Quali sono i progetti portati avanti dalla struttura di psiconcologia?

Molti sono i progetti che abbiamo portato avanti in questi ultimi anni che hanno in comune la narrazione. In ambito oncologico la narrazione delle esperienze di malattia assume un ruolo fondamentale per la rielaborazione del trauma dalla fase diagnostica, a quella delle cure attive, fino alla fase terminale.
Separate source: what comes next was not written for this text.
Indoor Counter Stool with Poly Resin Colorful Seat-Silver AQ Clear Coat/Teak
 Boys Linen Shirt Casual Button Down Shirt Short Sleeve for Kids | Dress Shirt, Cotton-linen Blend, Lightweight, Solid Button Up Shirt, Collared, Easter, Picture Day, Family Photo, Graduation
Abbiamo sperimentato l’uso di un mezzo come la fotografia per facilitare l’espressione delle proprie emozioni prima in gruppo e poi quando le pazienti si sono sentite pronte abbiamo pensato di relazionarci con l’esterno attraverso una mostra fotografica dal titolo Veggieseno che il Comune di Bagno a Ripoli ha ospitato negli splendidi locali dell’Oratorio di S. Caterina dai quali si  intendeva lanciare un messaggio alla popolazione costruendo un ponte tra chi sta vivendo o ha vissuto questa esperienza e l’altro.
In questo momento sono attivi anche gruppi di mindfullness e tecniche corporee così come di arte terapia.
Abbiamo in cantiere un’altra sperimentazione nella quale il mezzo attraverso il quale ci si può narrare diventa un gioiello infatti attraverso la collaborazione con una designer le pazienti creano il proprio monile con frammenti della loro storia personale.
Nel futuro prossimo stiamo lavorando anche ad un laboratorio teatrale perché il teatro ha la importantissima peculiarità di permettere l’espressione del verbale ma anche del non verbale attraverso il corpo.